Twitter is weird. I have to say, I do not understand Twitter. I was doing some research with it and I discovered something slightly surprising. Check out this ugly command line. (Or safely ignore it.)
for N in {1..1000}; \
do ( \
T=$(sort -R $WORDS | grep -v "'"| head -n1)$(( $RANDOM % 10 ));\
set -o pipefail; \
echo -n ${T}: ; \
if wget -qO- https://twitter.com/${T} \
| sed -n -e "/Account suspended/s/^.*$/suspended/p" \
-e "/>Joined/s/^.*$/active/p"; \
then true; \
else echo "none"; fi ;) \
| tee -a result ; done
It produces a random word plucked from my Linux spelling dictionary
(WORDS=/usr/share/dict/words
).
Then that word is appended with a random digit (0-9). The result,
something like "plateau4" or "spryest9", is used as a Twitter account
which I then try to access. I check if the account is "active",
"suspended", or "none". None means that the random string turns out to
not really even be an account. Of course this implementation goes slow
because of the shuffling of the dictionary every time but I left that
alone to not give Twitter a reason to block me. I did this 1000 times.

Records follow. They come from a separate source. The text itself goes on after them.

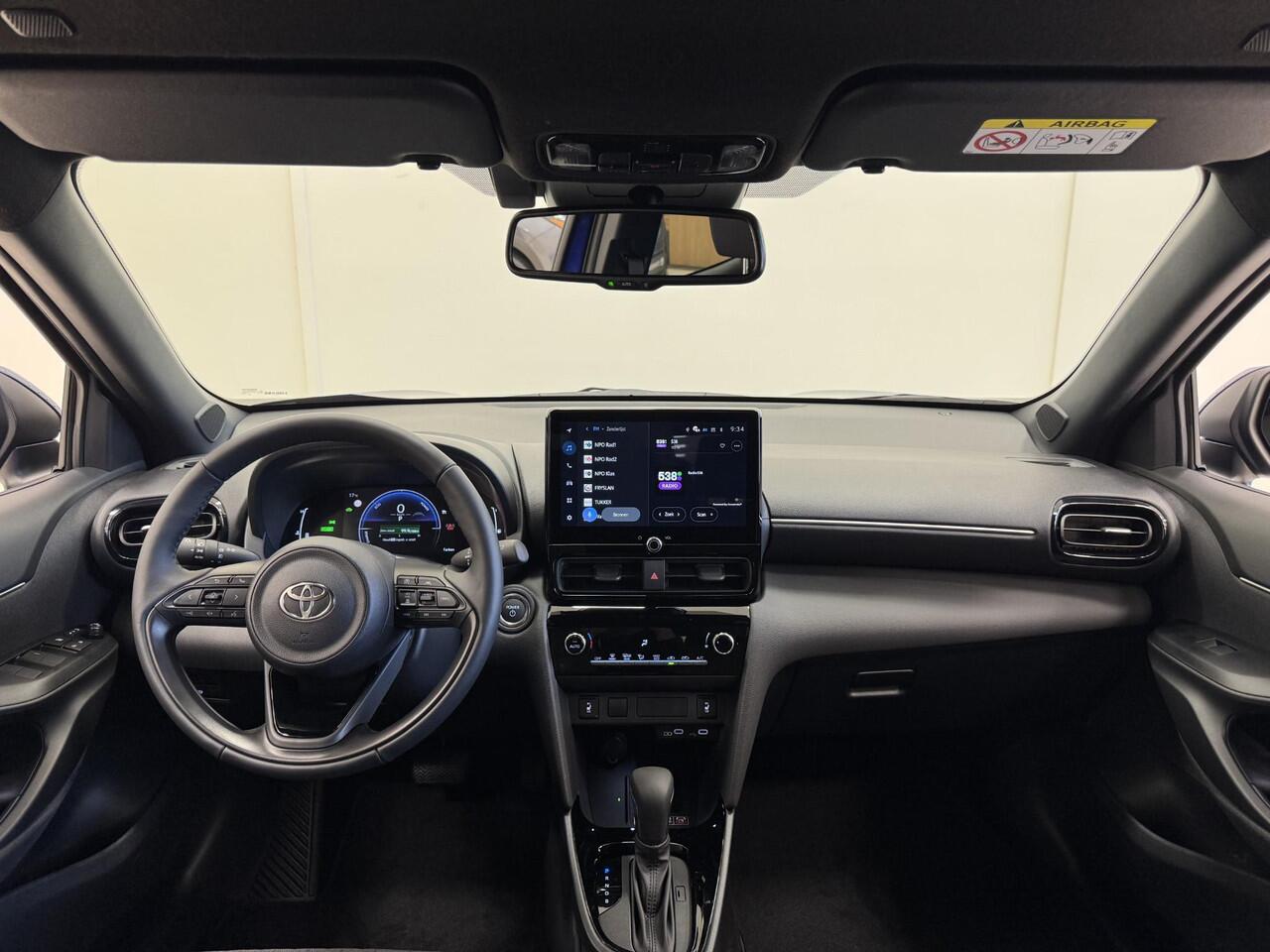 Toyota YARIS Cross 1.5 Hybrid 130 Dynamic | Nieuw op voorraad | Comfort Pack |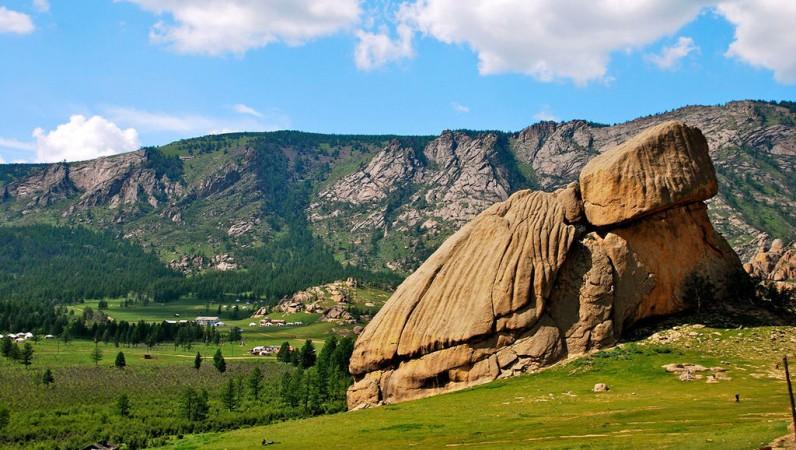 Explore the Gorkhi-Terelj National Park - © Mongolia Tourism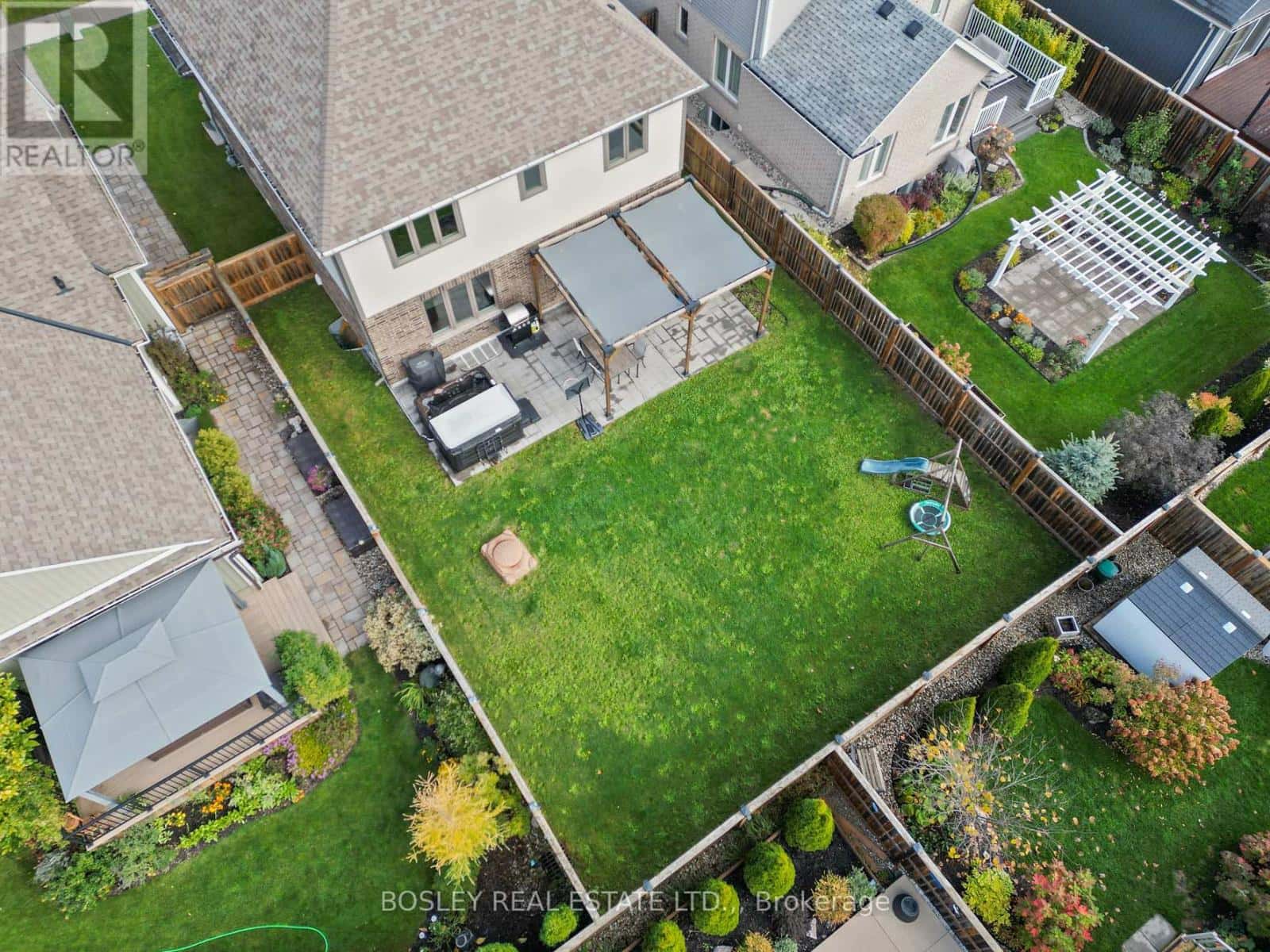 35 MCFARLAND STREET — Thorold (Hurricane/Merrittville), Ontario - Photo 5 of 41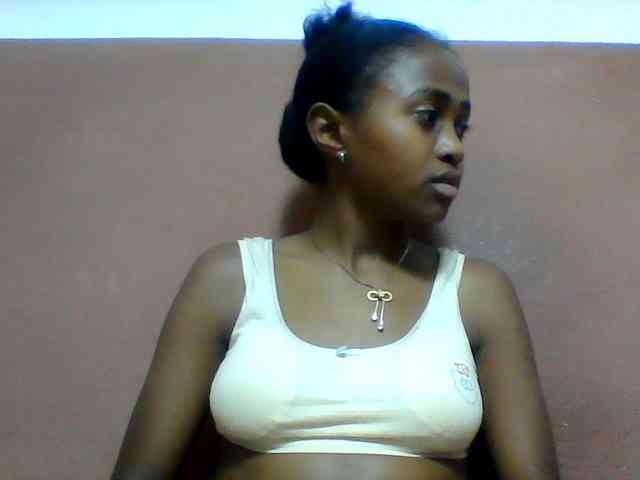 Clarah1 webcam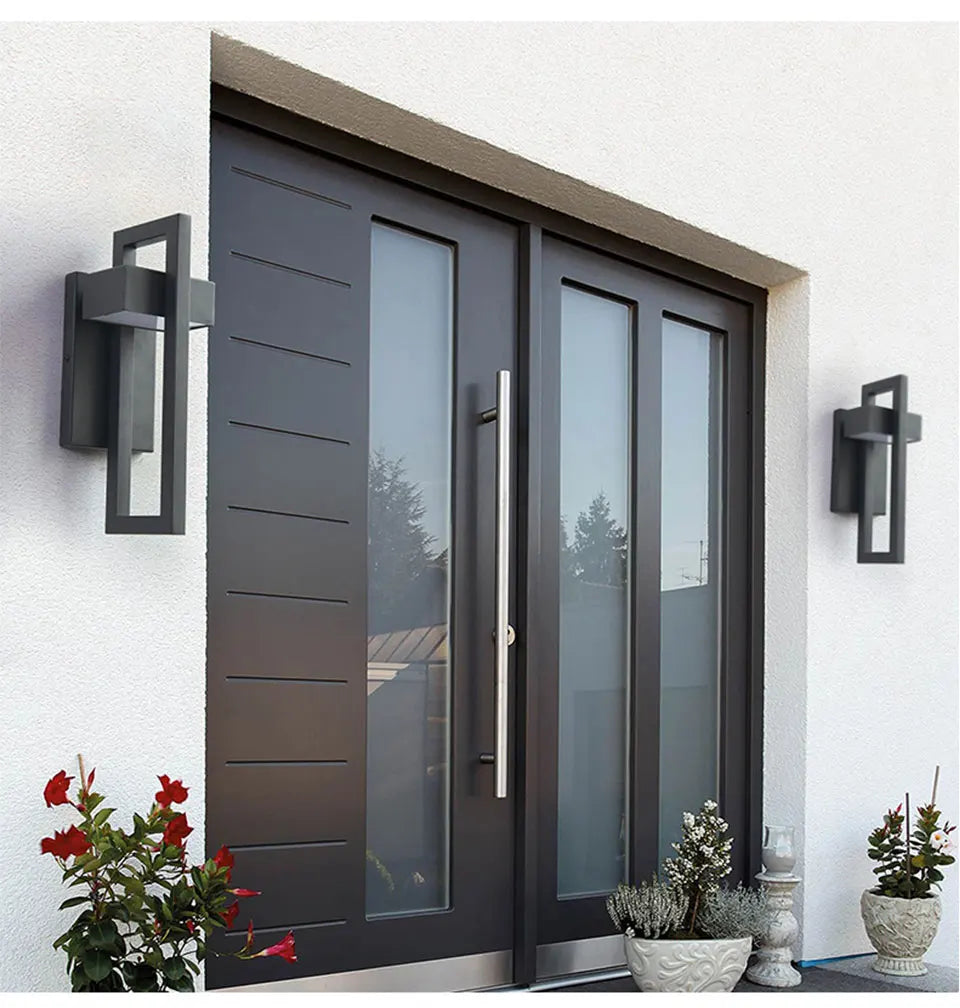 Outdoor LED Wall Lamp Waterproof Black Metal 10W
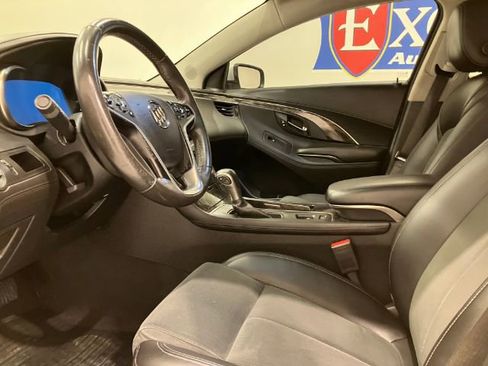 Used 2016 Buick LaCrosse image 24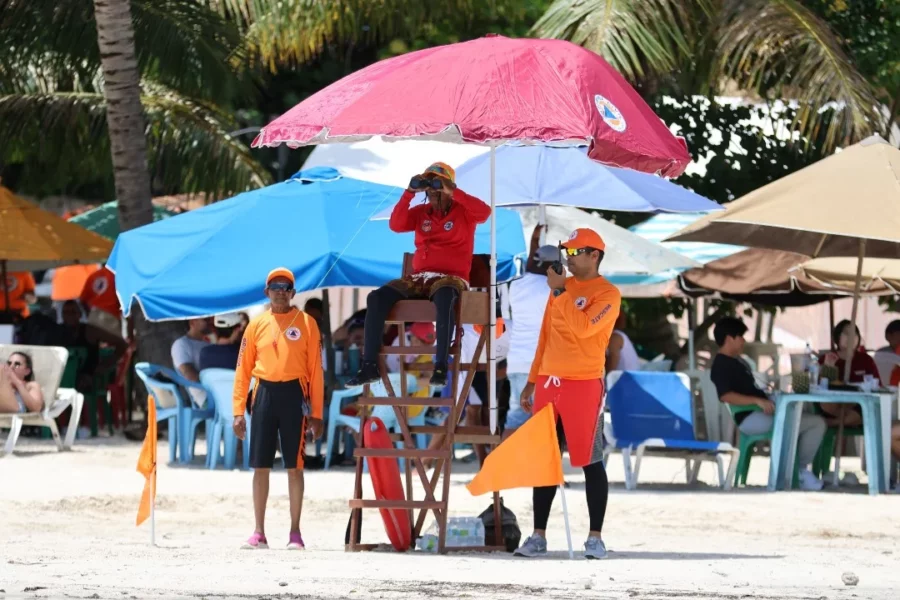 Héroes sin descanso: quienes trabajan para proteger a la población en Semana Santa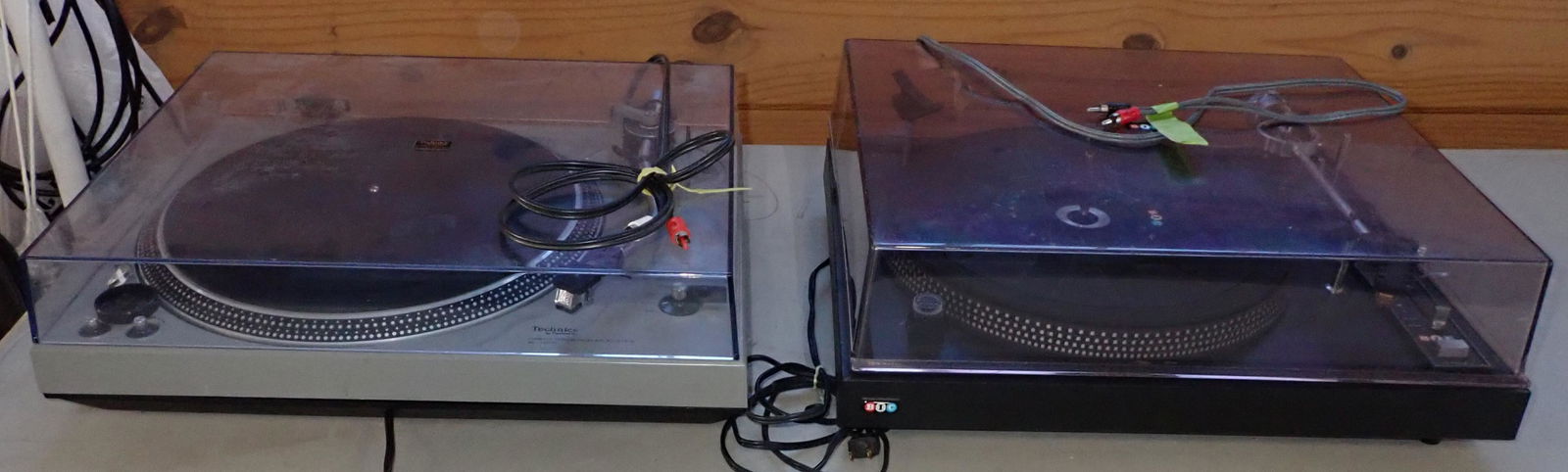Bic 981 Technics SL-1500 Turntables (1 of 5)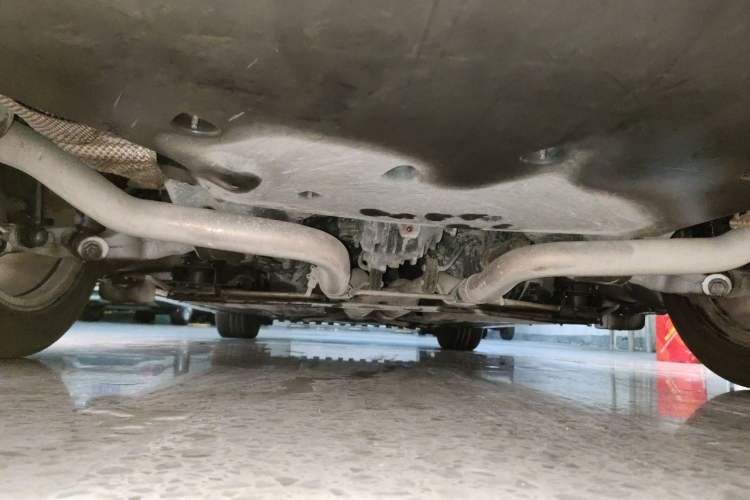 Used Jaguar XJ 2011 XJL 3.0 Panoramic Business Edition Chassis Rear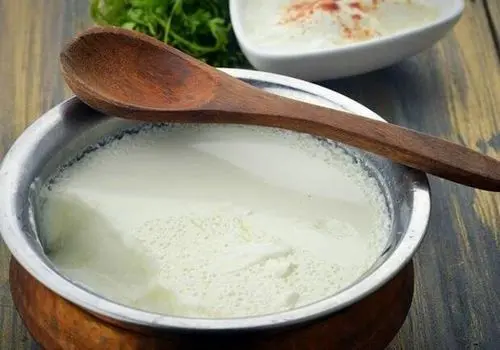 چرا ماست آب می‌اندازد؟ علمی‌ترین دلایل و ساده‌ترین ترفندهای خانگی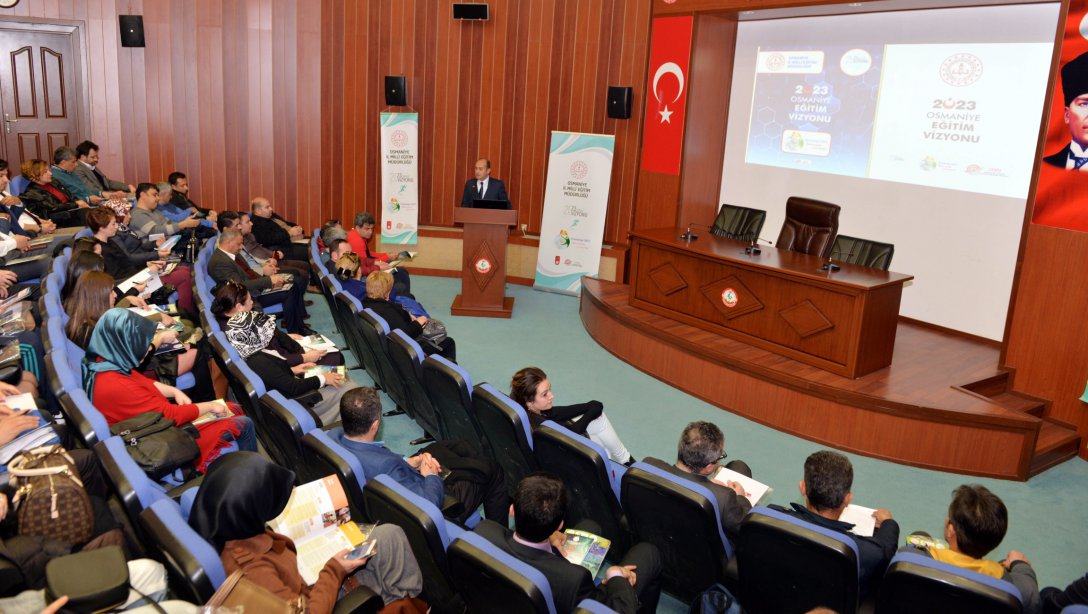 2023 Osmaniye Eğitim Vizyonu İzleme Değerlendirme Ekipleri Bilgilendirme toplantısı Ahmet Cevdetpaşa Toplantı salonunda yapıldı
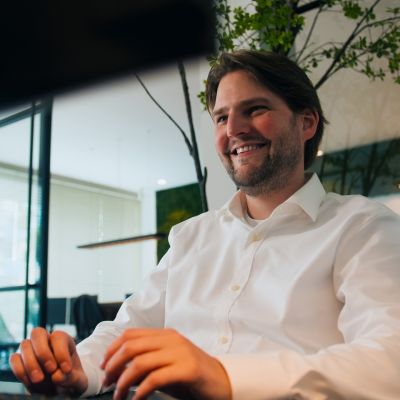 Het was een feestelijke dag vorige week, want Joris was vijf jaar in dienst!Toen Joris vijf jaar geleden in dienst kwam, was er nog geen development-afdeling. Hij heeft het team dus helemaal van de grond af opgebouwd. Vanuit de organisatie was er wel een koers uitgestippeld, maar hij kreeg veel vrijheid om de weg ernaartoe zelf te bepalen. Hij heeft een belangrijke rol gespeeld bij de ontwikkeling van ons Dashboard, diplomadossier, de website en zo kunnen we nog wel even doorgaan. 

Joris, je bent een hele fijne collega, een inspiratie voor jouw team en iemand op wie je altijd kan rekenen. Gefeliciteerd met dit mooie jubileum!

lindenhaeghe development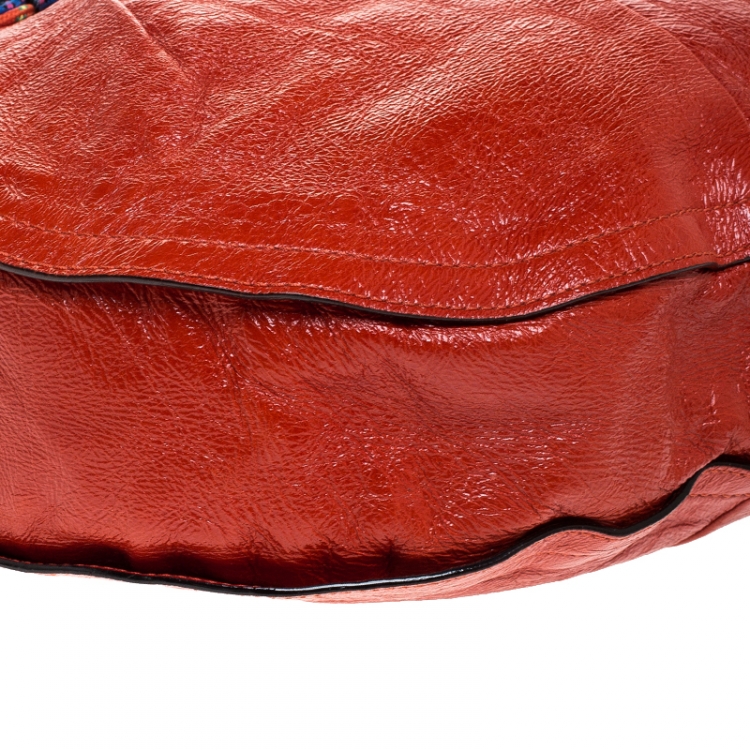 مملوكة مسبقًا Marc Jacobs Orange Embellished Patent Leather Daisy Hobo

Now is a good time to use my Unix pie chart trick with something like this.
cut -d: -f2 result | sort | uniq -c | pie
Which produces the following.
Are there really so many suspended accounts? I’m sure someone went through long ago with a script much like mine and made a bunch of accounts. (Don’t they have captchas or something?) But if Twitter could suspend them, presumably for having some sign that they were created by a bot, couldn’t they then release them back into the namespace pool? Seems strange to me. Although I was working on a different piece of research which I may write more about later, my original hypothesis, that "Twitter is weird", has not been falsified.